The Navy has a number of different ongoing 3D trials and recently partnered with 3D Systems to evaluate and develop evaluate 3D printing technology and materials for military uses.
Meet "Helium" the Software Coding Robot

Helium, a software coding program, can rewrite rotten legacy computer code in an hour. It would take expert programmers months to do the same task.

Moreover, Helium's code is up to 500% faster than legacy code. This is especially true of  unoptimized Windows code and imaging software such as Adobe Photoshop.

Bit-Rot

Please consider Computer Program Fixes Old Code Faster than Expert Engineers.
Last year, MIT computer scientists and Adobe engineers came together to try to solve a major problem that many companies face: bit-rot.

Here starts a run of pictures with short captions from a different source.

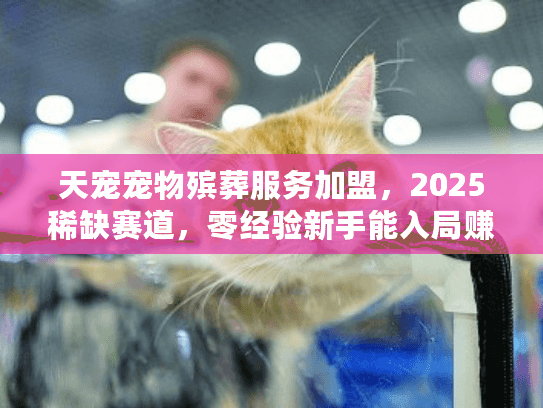 天宠宠物殡葬服务加盟，2025稀缺赛道，零经验新手能入局赚吗？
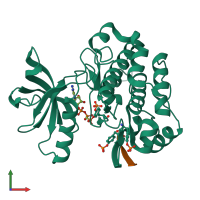 PDB entry 1k3a coloured by chain, front view.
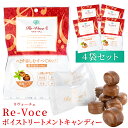 のど飴 ボイストリートメントキャンディ リヴォーチェ 70g×4個 メール便送料無料 MYBM ボイスケア アナウンサー シンガー プロ愛用ののどあめ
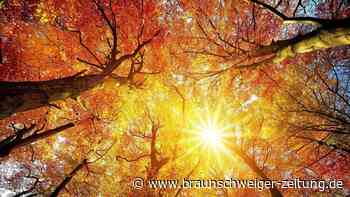Meteorologischer Herbstanfang: Warum der Herbst zweimal im September beginnt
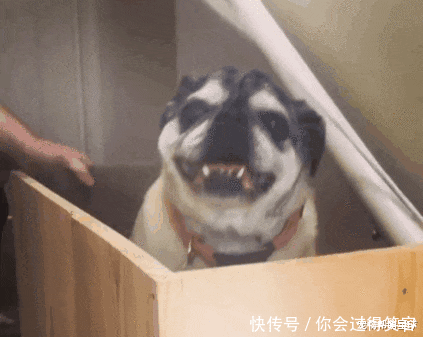 在家|主人亲手在家搭建电梯,十岁残疾狗狗心愿终得实现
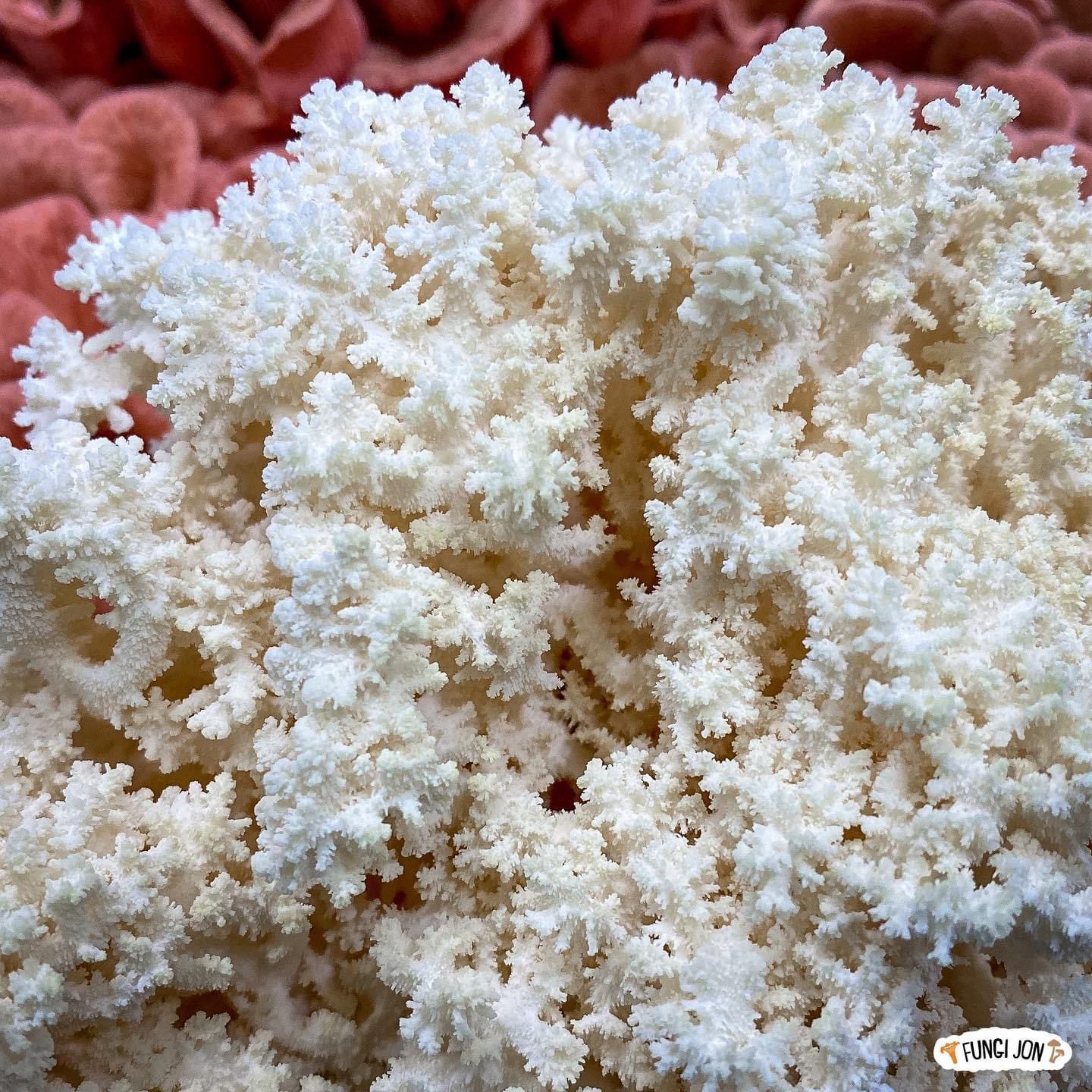 Coral Tooth Mushrooms & Nature's Fractal Wonders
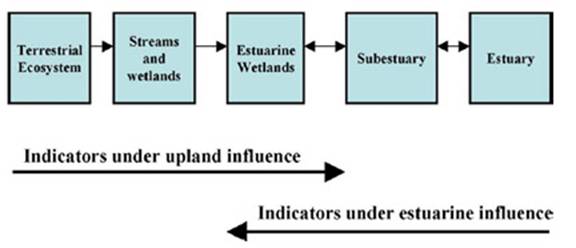 Conceptual Model for Purposes of Identifying Indicators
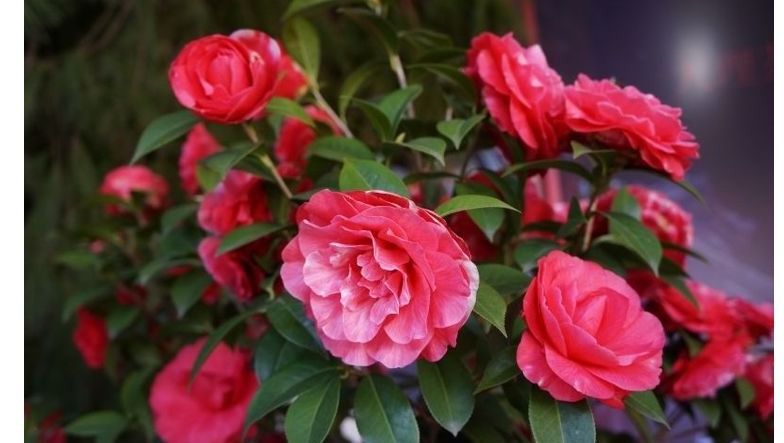 养花一瓶醋，壮根促生长、花多色艳，还能杀虫子、治黄叶！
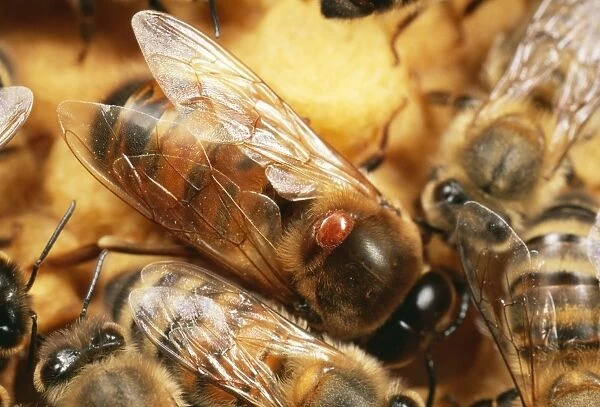 Verroa Mite SPH 2204 Attached to thorax of honey Bee drone. Verroa  /  Apis mellifera © Steve Hopkin  /  ARDEA LONDON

A good example is Adobe’s successful Photoshop photo editor, which just celebrated its 25th birthday. Over the years Photoshop had accumulated heaps of code that had been optimized for what is now old hardware.

“For high-performance code used for image-processing, you have to optimize the heck out of the software,” says Saman Amarasinghe, a professor at MIT and researcher at the Computer Science and Artificial Intelligence Laboratory (CSAIL). “The downside is that the code becomes much less effective and much more difficult to understand.”

Enter Helium, a CSAIL system that revamps and fine-tunes code without ever needing the original source, in a matter of hours or even minutes.

The team started with a simple building block of programming that’s nevertheless extremely difficult to analyze: binary code that has been stripped of debug symbols, which represents the only piece of code that is available for proprietary software such as Photoshop.

A particular type of computational kernel popular for such software are “stencil kernels,” which allow you to do operations for entire areas of pixels. Stencil kernels are especially important to update because they use huge amounts of memory and compute power, and their performance degenerates quickly as new hardware become available.

With Helium, the researchers are able to lift these kernels from a stripped binary and restructure them as high-level representations that are readable in Halide, a CSAIL-designed programming language geared towards image-processing.

Going from binary to high-level languages was a big leap that the team originally didn’t think was doable, according to lead author Charith Mendis.

“The order of operations in these optimized binaries are complicated, which means that they can be hard to disentangle,” says Mendis, a graduate student at CSAIL. “Because stencils do the same computation over and over again, we are able to accumulate enough data to recover the original algorithms.”

From there, the Helium system then replaces the original bit-rotted components with the re-optimized ones. The net result: Helium can improve the performance of certain Photoshop filters by 75 percent, and the performance of less optimized programs such as Microsoft Windows’ IrfanView by 400 to 500 percent.
Question of the Day

Is this simply reverse engineering, or is this the beginning of the end of the programmer?